Most predators are coming out of the leanest time of the year.  Winter is often the time when food sources are more scarce for animals that rely on other animals for food.  They are hungry and may take chances to get the sustenance they need. As in the winter, predators are still found lower in elevation as they follow their food sources.  Encounters do tend to be more frequent in the early spring for this reason.  For the most part, these predators are going to leave you alone.  All predators measure the risk of an encounter.  With wild dogs and cats, you have to make sure that the cost of the encounter will be too high for the animals involved.  Pick up your children or your smaller dogs.  Make yourself big and make lots of noise.  Get your group to spread out, show the predator that you have the advantage.  Intimidate the animal, if it does attack, fight back and mean it.  I have encountered almost all of the cats and dogs of the wild kingdom, and I have never had an issue.  Seeing some of these creatures in the wild is a reward in, and of, itself.


Spring is one of my favorite times of year.  Waterfalls, the greening of the forest and the return of birds are things we look forward to in winter.  The promise of new life and warmer days starts me thinking about those big hikes I want to accomplish.  Be aware of the potential dangers, but most of all, enjoy the beauty and the warmer days of spring! Have fun and stay safe!


Hiking in the Summer: How to Beat the Heat

With the recent heat wave and record breaking temperatures in the Okanagan and abroad, I've been thinking about how I've learned to enjoy hiking in the outdoors, even in the middle of summer.  Below are some factors to consider and tips that I hope help you get out and beat the heat!


Check the weather forecast, it's not always blisteringly hot in the summer, there are cool days and breezy days. Hiking in the summer rain can be quite refreshing! Plan your trips for days that are going to be more enjoyable. The weatherman doesn't always get it right, but having an idea of trending weather patterns is very helpful in avoiding the heat.

Time of Day

The time of day makes a huge difference as to how warm it gets.  Early morning hikes are certainly cooler, but head out in the heat of the afternoon and you'll be exerting yourself in the hottest part of the day.  Of course, it usually tends to cool down towards evening most days. Consider late afternoon departures and returns after dark.  Some of my best hiking experiences have been enjoyed via headlamp in the cool night air.

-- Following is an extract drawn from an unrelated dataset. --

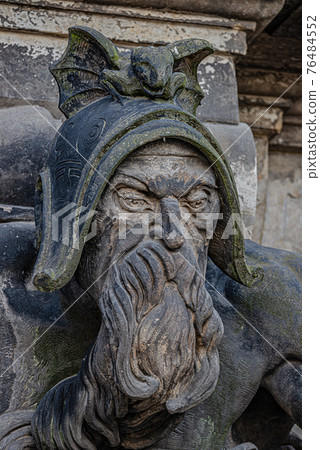 Very old statute of scary gatekeeper, medieval warrior with weapon in historical downtown of Dresden, Germany Very old statute of scary gatekeeper, medieval warrior with weapon in historical downtown of Dresden, Germany 76484552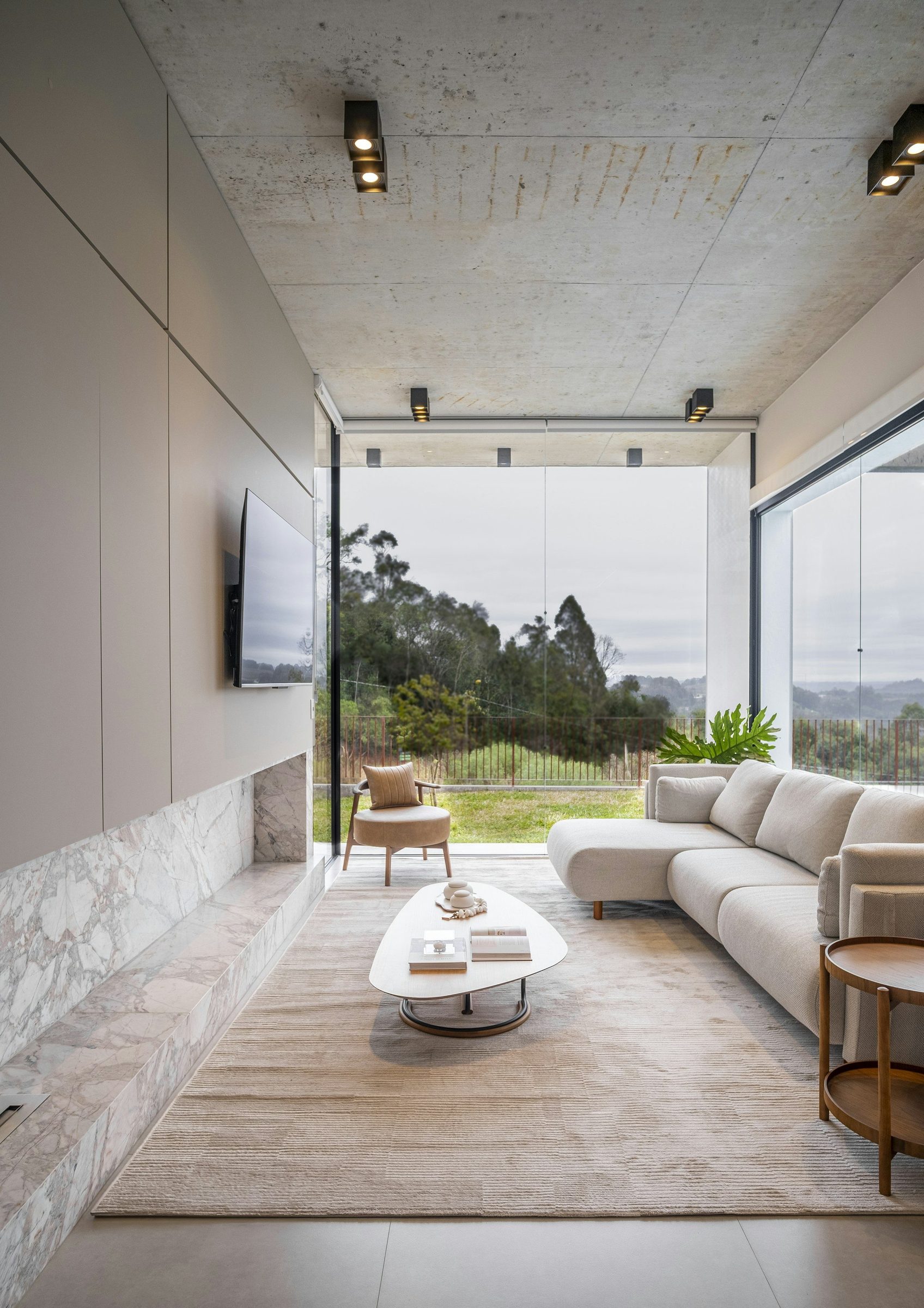 Sala minimalista com parede de vidro aberta para o jardim.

As experienced hikers know, it's always cooler in the mountains.  The higher the elevation, the less dense the air is, and the less heat capacity it has.  That is, it's cooler the higher up you go.  The caveat here is that sometimes the sun's rays can be stronger as the atmosphere thins.  So keep up with the sunscreen and keep covered.

Plan Your Destination

If you know it's going to be warm, choose a trail that is densely covered with shade.  Hiking along a cool shady path in the middle of a hot day is the epitome of beating the heat!  Foliage can have a big impact on the ambient temperature as well.  Hiking along a stream or near a lake can also help keep you cool as the presence of water has a moderating effect on temps. Another favorite trick is to head out where the shadows are long from a local mountain and avoid the sun for hours at a time.

Base Layer

A base layer is the clothing that you put directly against your skin, either as the only layer or as an underpinning for you outer clothes. It's critical that this layer is a wicking material, that is, it pulls moisture away from your skin.  Choose materials that are designed to keep you cool and dry, like Merino wool or a good synthetic.  Whatever you choose, you want the moisture from your body's exertion to be pulled away from your skin to evaporate so that you are cooled as you sweat.  Don't wear cotton next to your skin because it gets wet and stays wet, making you feel hot and sweaty. You are also much more likely to chaff and blister wearing wet cotton.

Outer Clothing

The lighter the color of your clothing, the cooler you'll stay.  Lighter colors reflect the sun's rays, darker colors absorb them.  Also, keeping covered can help keep you cool!  This seems counter intuitive, but if you look at the clothes people wear in extremely hot areas of the world, it's all about coverage and a loose fit.  You're much less likely to burn as well, if you are more covered. You want your outer layers to be of a lightweight, breathable fabric that has a good SPF (sun protection factor). Wear a hat, and keep the sun off your head, wide brims are better protection than a ball-cap.

Listen to Your Body

Studies have proven that your body is very self regulating, to the point that it will slow you down, and even stop you from exerting yourself if it gets too hot.  Have you ever noticed how you feel slow and lethargic on the hottest of days?  That's your body telling you it's probably too warm to start getting physical. Even starting out a hike in warmer weather, your will likely feel more sluggish as your body anticipates getting warmer due to muscle exertion.  Take more frequent breaks and listen to your body telling you it's starting to get too warm.

Heat Adaptation

Scientific evidence shows that if you exercise in the heat, your body will begin to adapt and you'll become more efficient within about 5 days.  It actually takes about 2 week to fully adapt, but the rate of heat adaption is significantly more rapid in the first 5 days of exposure to warmer temperatures.  Give yourself a chance to adapt to the heat before really pushing yourself.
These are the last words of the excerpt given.